[Problem]-Delphi introduction to utf8string

Last Update:2018-12-07 Source: Internet

Author: User

Developer on Alibaba Coud: Build your first app with APIs, SDKs, and tutorials on the Alibaba Cloud. Read more ＞

Xe (2009 and later) in the string is the unicodestring, using the WINNT series of system kernel Character Set UTF-16 (or ucs2 ). Like the UTF-16 le, UTF-8 is also an encoding for the Unicode Character Set, with the same expression range. The main difference between the two lies in the encoding method, the former can basically be regarded as a fixed length, while the length of the latter is not fixed: In the UTF-16, a character at least two 2 bytes, there are also some very biased characters in 4 bytes (only 2 and 4 characters in length, the latter is not commonly used, and even the supported fonts are hard to find ); while UTF-8 occupies at least 1 byte, check the 6.0 (http://www.unicode.org/Public/6.0.0/ucd/UnicodeData.txt) just came out in October, Unicode characters are now ranked U + 10 fffd, this means that at present, up to 4 bytes are occupied (generally Chinese characters occupy 3 bytes ).
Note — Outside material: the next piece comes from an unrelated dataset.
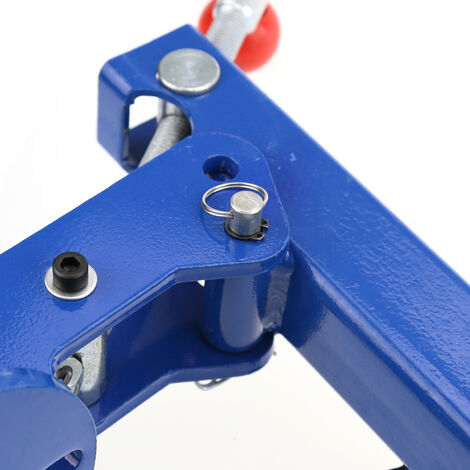 Roue Roller Rouleau Reformeur De Garde-boue - Outil Réparation Aile Voiture - Métal Bleu - 39x27x16 Cm Fender Roller Freetec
The two are both Unicode character sets, but their expressions are different. No one is more compatible with each other.
Because the UTF-8 encoding method has nothing to do with the machine's endian and is easy to verify the integrity, UTF-8 has a great advantage in transmission. In addition, because many texts contain ASCII characters, therefore, in some cases (especially for the US and Europe), UTF-8 also has an advantage.
If the Windows platform wants to display characters through winapi, it will eventually use a UTF-16 string (*** version A converts to Unicode inside the API ). Therefore, in general, it is most convenient to directly use unicodestring, such as Visual controls. It is only possible to convert it to UTF-8 during storage and transmission.
Using utf8string in the library must be carefully weighed, rather than simply saying which one is better than the other. In some cases, the core processing functions are inside the database, which takes a lot of time. It is difficult to migrate the Unicode version or occupy more memory, but the effect is not necessarily good. At this time, it is better to retain the original ANSI version library. After a slight modification, UTF-8 is supported, not only Unicode is supported, but the memory usage remains unchanged and the code is not modified much.
The most common application is string matching, such as B-M-based Algorithm The substring matching is determined by the principle of the algorithm, if the space of integer * 64 K is not used to match the UTF-16, for the pure ASCII character search, it is impossible to ensure that every movement is the maximum moving distance, and the performance of the algorithm itself cannot be used out. However, a 256 K space usage is a waste of memory and the initialization constant takes a long time, in addition, the performance of subsequent searches is also affected when the CPU cache is loaded with so much data. If UTF-8 is used, the space complexity is still 256*4, and the constant initialization time remains unchanged. Each movement can basically ensure a long length. Therefore, the more complex string algorithm in Unicode support, the direct use of UTF-16 is few, and the use of UTF-8 is more.
Again at the same time to consider the memory usage scenario, under normal circumstances, the vast majority of the content is ASCII characters, the use of UTF-16 is too waste of space. Common applications are lexical processing, such as compilers or lexical scanners such as HTML and XML.
Regular Expressions conform to all the applications described above. The structure and conversion of automatic machines are very complex (lexical scanning also uses automatic machines), which is difficult to migrate from ANSI to UTF-16, the space complexity is also greatly increased.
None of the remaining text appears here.